PALABRA DE DIOS TODOS LOS DÍAS: EL CALENDARIO

La oración es el corazón de la vida de la Comunidad de Sant’Egidio, su primera “obra”. Cuando termina el día todas las Comunidades, tanto si son grandes como si son pequeñas, se reúnen alrededor del Señor para escuchar su Palabra y dirigirse a Él en su invocación. Los discípulos no pueden sino estar a los pies de Jesús, como María de Betania, para elegir la “mejor parte” (Lc 10,42) y aprender de Él sus mismos sentimientos (cfr. Flp 2,5).

Siempre que la Comunidad vuelve al Señor, hace suya la súplica del discípulo anónimo: “¡Señor, enséñanos a orar” (Lc 11,1). Y Jesús, maestro de oración, continúa contestando: “Cuando oréis, decid: Abbá, Padre”.

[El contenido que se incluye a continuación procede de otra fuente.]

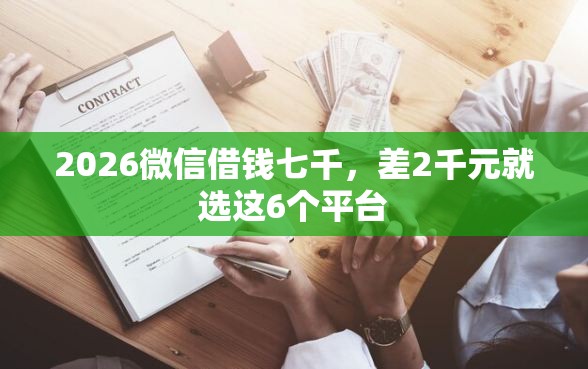 2026微信借钱七千,差2千元就选这6个平台 2026微信借钱七千,差2千元就选这6个平台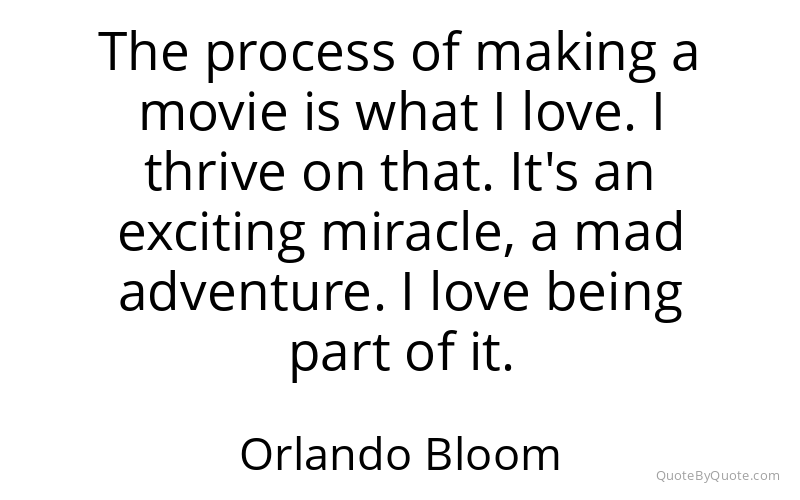 Preview image for this quote by Orlando Bloom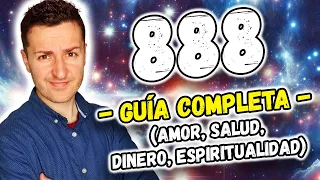 ✨ SIGNIFICADO del NÚMERO 888 en el AMOR, DINERO, SALUD y en lo ESPIRITUAL | GUÍA DEFINITIVA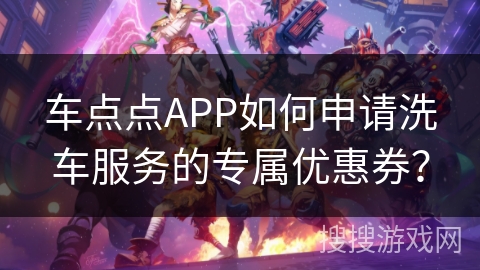 车点点APP如何申请洗车服务的专属优惠券? 车点点APP如何申请洗车服务的专属优惠券?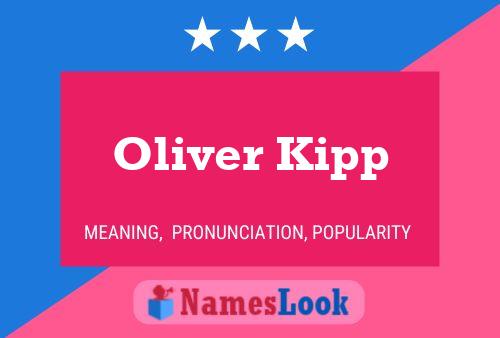 Affiche de nom Oliver Kipp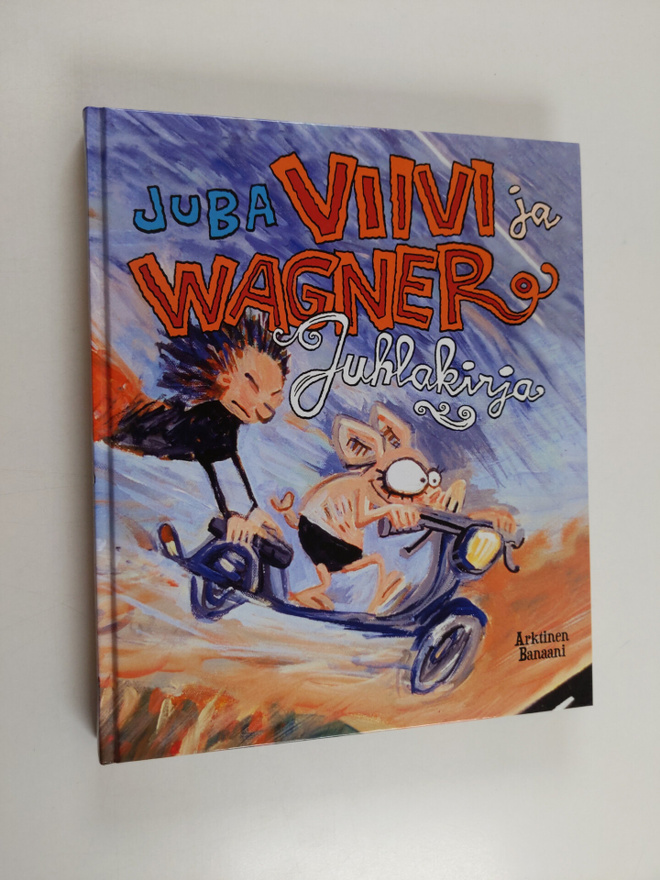Juba : Viivi ja Wagner : juhlakirja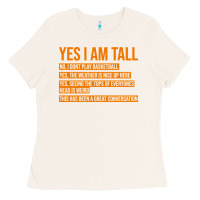 Bone yes i am tall Ladies Tee - artisFamous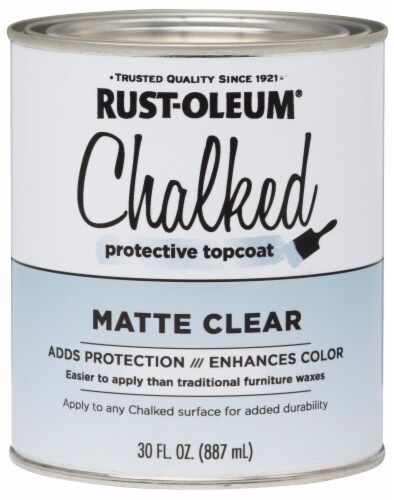 Rust-Oleum® Chalked Protective Topcoat - Matte Clear, 30 fl oz - Foods Co.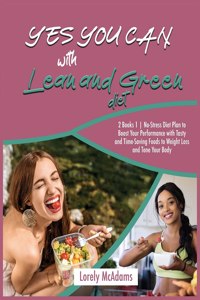 Yes You Can with Lean and Green Diet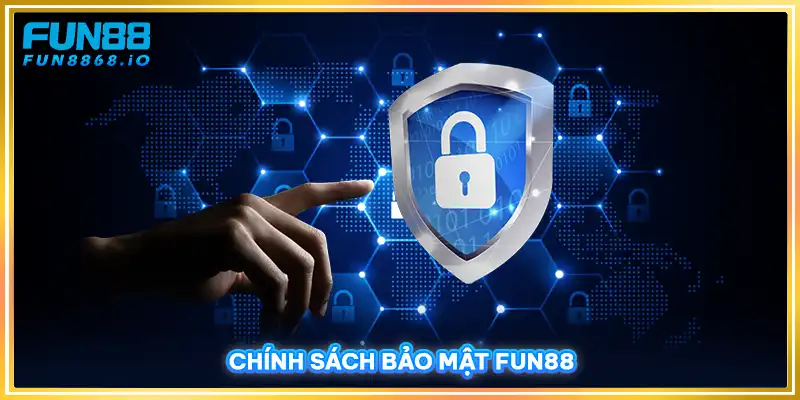 Chính Sách Bảo Mật FUN88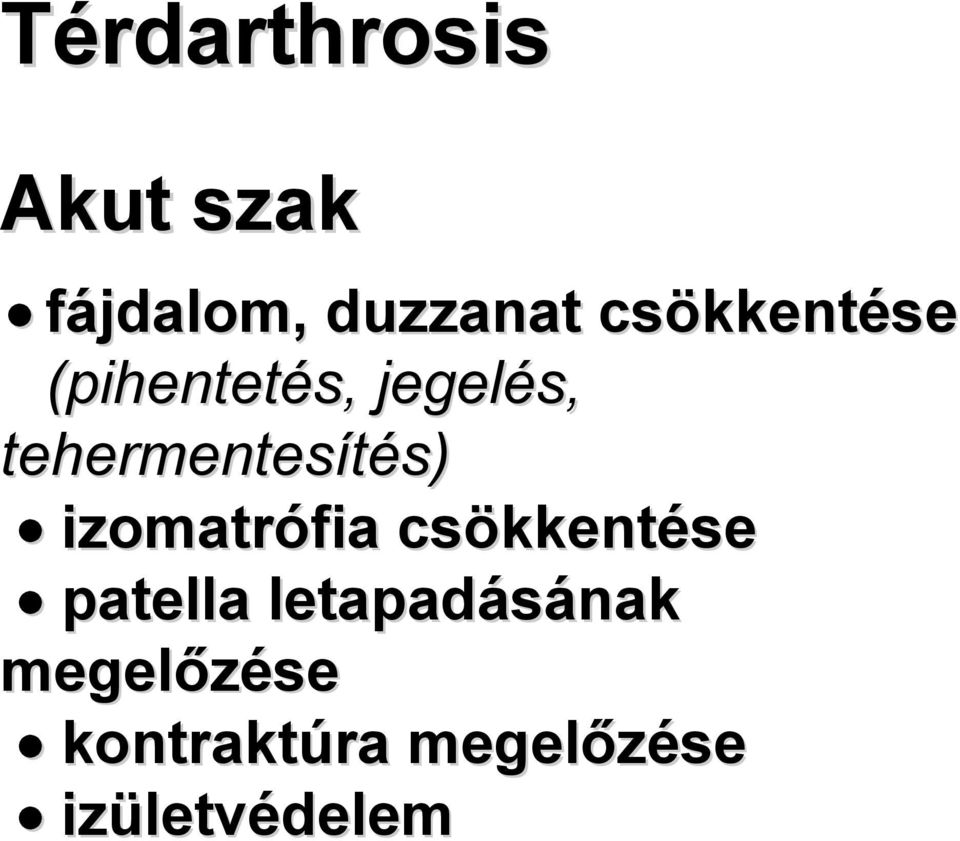 izomatrófia csökkent kkentése patella letapadásának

Cuando oramos, aunque lo hagamos dentro de nuestro corazón, nunca estamos aislados ni somos huérfanos, porque somos en todo momento miembros de la familia del Señor. En la oración común se ve claramente, además del misterio de la filiación, el de la fraternidad.

Las Comunidades de Sant'Egidio que hay por el mundo se reúnen en los distintos lugares que destinan a la oración y presentan al Señor las esperanzas y los dolores de los hombres y mujeres “vejados y abatidos” de los que habla el Evangelio (Mt 9,37). En aquella gente de entonces se incluyen los habitantes de las ciudades contemporáneas, los pobres que son marginados de la vida, todos aquellos que esperan que alguien les contrate (cfr. Mt 20).

La oración común recoge el grito, la aspiración, el deseo de paz, de curación, de sentido de la vida y de salvación que hay en los hombres y las mujeres de este mundo. La oración nunca es vacía. Sube incesante al Señor para que el llanto se transforme en alegría, la desesperación en felicidad, la angustia en esperanza y la soledad en comunión. Y para que el Reino de Dios llegue pronto a los hombres.